┌──

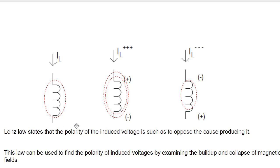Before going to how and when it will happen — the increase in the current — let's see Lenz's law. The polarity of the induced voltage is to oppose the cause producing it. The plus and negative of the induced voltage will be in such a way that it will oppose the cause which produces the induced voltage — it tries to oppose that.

└──
┌──

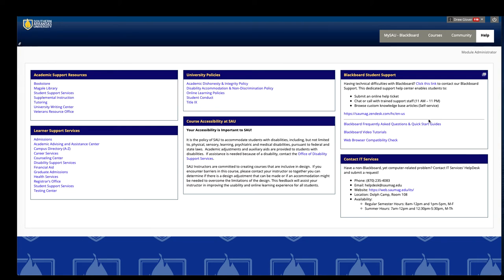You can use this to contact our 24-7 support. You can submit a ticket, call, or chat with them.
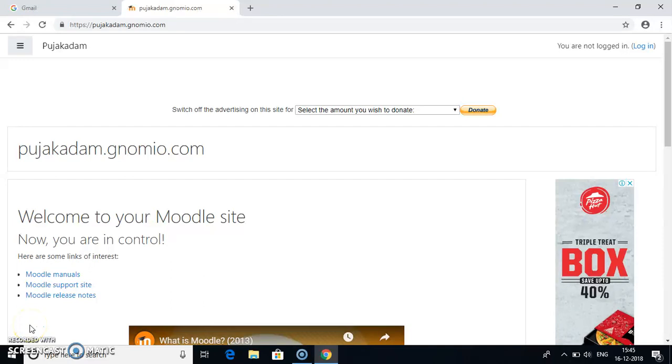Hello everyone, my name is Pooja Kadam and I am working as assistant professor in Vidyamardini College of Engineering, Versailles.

└──

| EXERCISE PROMPT |
Would you write out exactly the lines above, starting at the line containing "You can use" and stopping after the line containing "Hello everyone, my"? Omit the pictures.

| RESPONSE BELOW |
You can use this to contact our 24-7 support. You can submit a ticket, call, or chat with them.
Hello everyone, my name is Pooja Kadam and I am working as assistant professor in Vidyamardini College of Engineering, Versailles.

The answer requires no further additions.